SF Planners yawn over vacant units
SPUR study, flawed as it is, shows a serious problem. Will someone wake up the Planning Commission?
This chart shows where there are high levels of housing units that are pieds a terre, only rarely occupied
By Tim Redmond
JANUARY 27, 2014 – The San Francisco Planning Commission got a report on vacant high-end housing last week, although nothing happened and all the panel suggested is that the situation ought to be monitored.
The report came from San Francisco Planning and Urban Research Association, which used census data and American Community Survey data to conclude that there are roughly 9,000 units of housing in the city that are occupied only as occasional pieds a terre.
Another 9,000 units are held off the market for other reasons, the report says.
We’ve done similar research, using different data; we only checked 5,212 condos in 23 buildings, and found at in some cases as many as 60 percent were owned by people who didn’t live there. Overall, 32 percent of the new units had absentee ownership.
I’ve got some disagreements with the SPUR report, which I think may not reflect the full extent of the problem. And the report doesn’t call for any specific action.
But let’s stipulate for a second that SPUR’s data is completely accurate (and even SPUR doesn’t try to do that).

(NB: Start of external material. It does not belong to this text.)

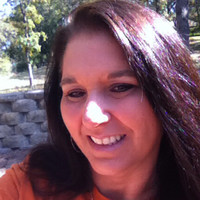 JoAnn Hughes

If there are 18,000 housing units in San Francisco that are habitable and not available for rent or ownership for people who work in the city — that’s a serious problem, no?
Particularly since the mayor’s strategy for addressing the housing crisis relies in significant part on building 30,000 new units. If many of those units remain largely unoccupied, his strategy isn’t going be very successful.

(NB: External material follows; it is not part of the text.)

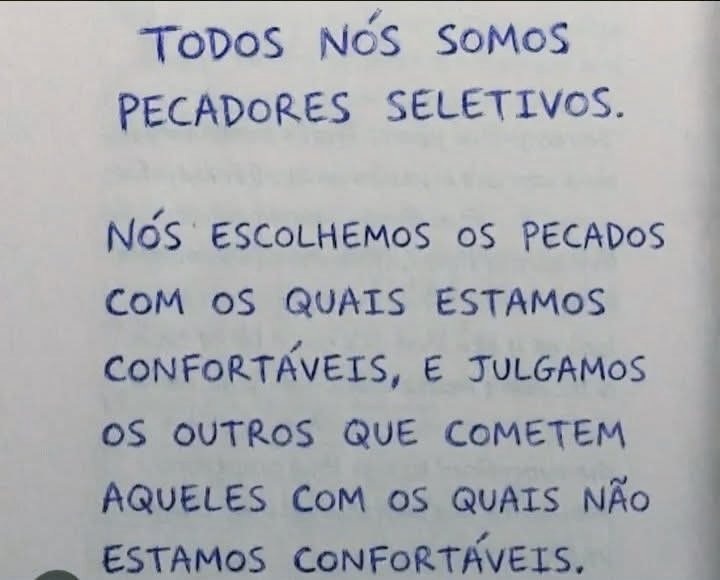 Mulher Cristã Evangelista tweet media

Planning Commissioner Michael Antonini said that the SPUR report was nothing to worry about, since the percentage of units that exist largely as occasional occupancy in SF is lower than, say, Napa or Miami. But seriously: The fact that people who own vacation homes in other places (the Russian River, say) is very different from large numbers of units in a place like San Francisco being used for something other than housing.
UPDATE: Commissioner Kathrin Moore called me today to note that she wants the Planning Department to do its own study, because she found the SPUR report biased and flawed. “We can’t make policy based on someone else’s data that we don’t trust,” she said. “I want the department to give us their own data, which we can then work from.”
I freely admit, and we’ve said all along, that the 48hills analysis was only part of the picture. Some of the units we identified as owned by absentees might be rented out. We took a sample, and focused only on new buildings.
There is simply no perfect source of data on who is living in high-end housing in San Francisco. The city doesn’t register housing. Nobody checks if units are empty. Any investigation of vacant units is going to have some drawbacks.
That said, the SPUR report has some serious flaws.
The data for the ACS is based on a relatively small sample size (perfectly adequate for national and even local trends, but not so good for much smaller questions). As both SPUR and ACS admit, people who don’t live in a unit are less likely to be contacted, interviewed, and counted.
By definition, anyone who owns a pied a terre and isn’t there very often won’t be around to get the survey in the mail, won’t be interested in responding, and will be undercounted.
Then the report suggests that there’s not such a big problem with international rich speculators buying up trophy properties in San Francisco … because if you look at Trulia data, most of the searches come from within the United States.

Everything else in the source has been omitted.